**Try it**
Print, word for word, every line from the beginning of the listing up to and including the line with "Next, let's look". Pictures are to be excluded.
Segment Open
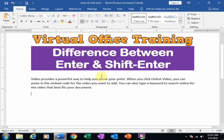Welcome to the virtual office training. Today we will learn the difference between Enter and Shift Enter.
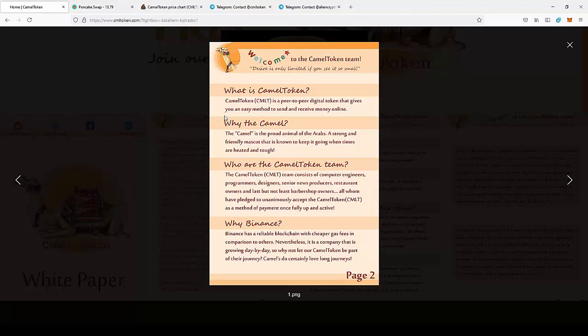Next, let's look at the team behind the project. The CAMEL token team consists of computer engineers, programmers, designers, senior engineers, producers, restaurant owners, and barbershop owners.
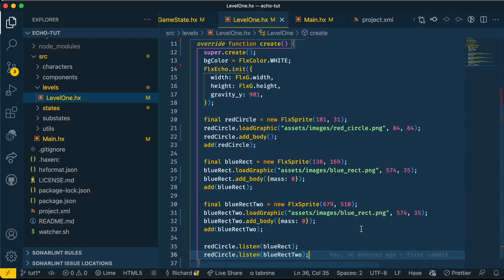Now let's rotate our rectangles. Flixel has an angle variable which will allow them to be rotated, but for our case, because we're using Echo, it makes sense to rotate our actual Echo body instead of the Flixel sprites.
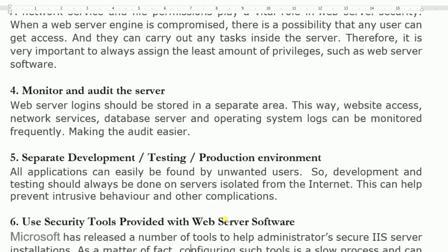Separate development, testing, and production environments. All applications can easily be found by unwanted users. Development and testing should always be done on a server isolated from the internet. This can help prevent intrusive behavior and other complications.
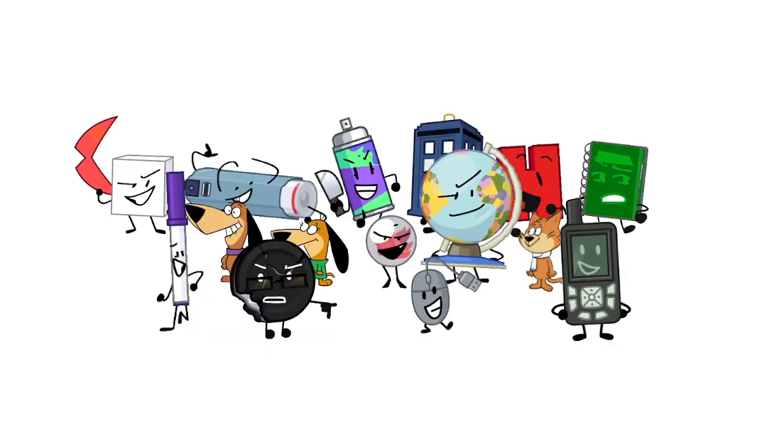Dumb ways to die, so many dumb ways to die, it's hard to get by, when everybody wants me to die.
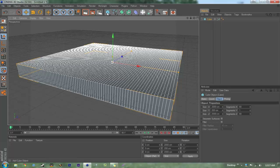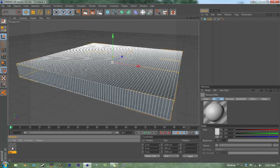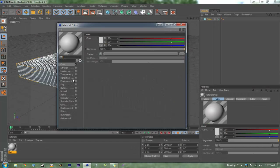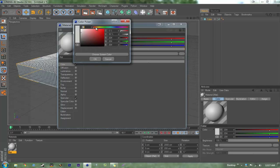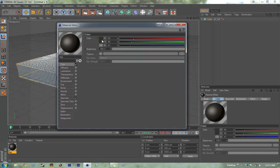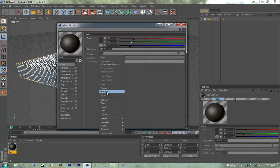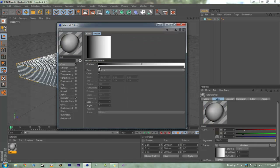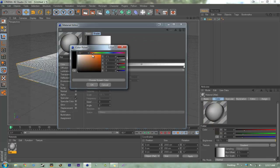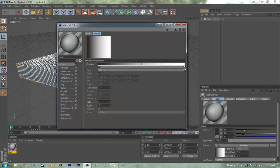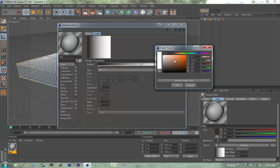Now we're going to make a material. We're going to go to gradient and make it a dark brown, and then a little bit lighter brown.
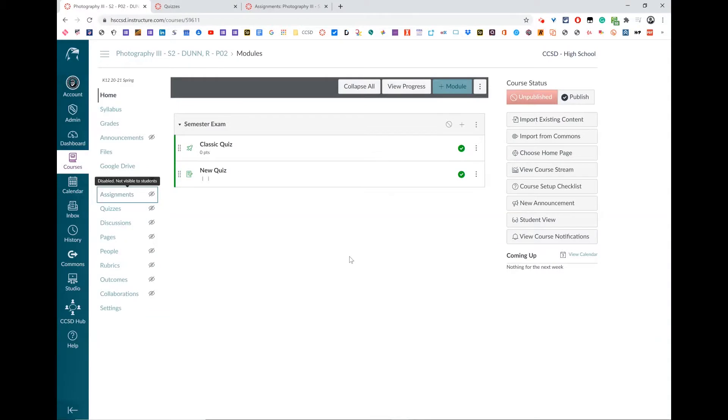In this video, I'm going to show you how to remove or delete a classic quiz and a new quiz.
Segment Closed
**Solution to the exercise**
Welcome to the virtual office training. Today we will learn the difference between Enter and Shift Enter.
Next, let's look at the team behind the project. The CAMEL token team consists of computer engineers, programmers, designers, senior engineers, producers, restaurant owners, and barbershop owners.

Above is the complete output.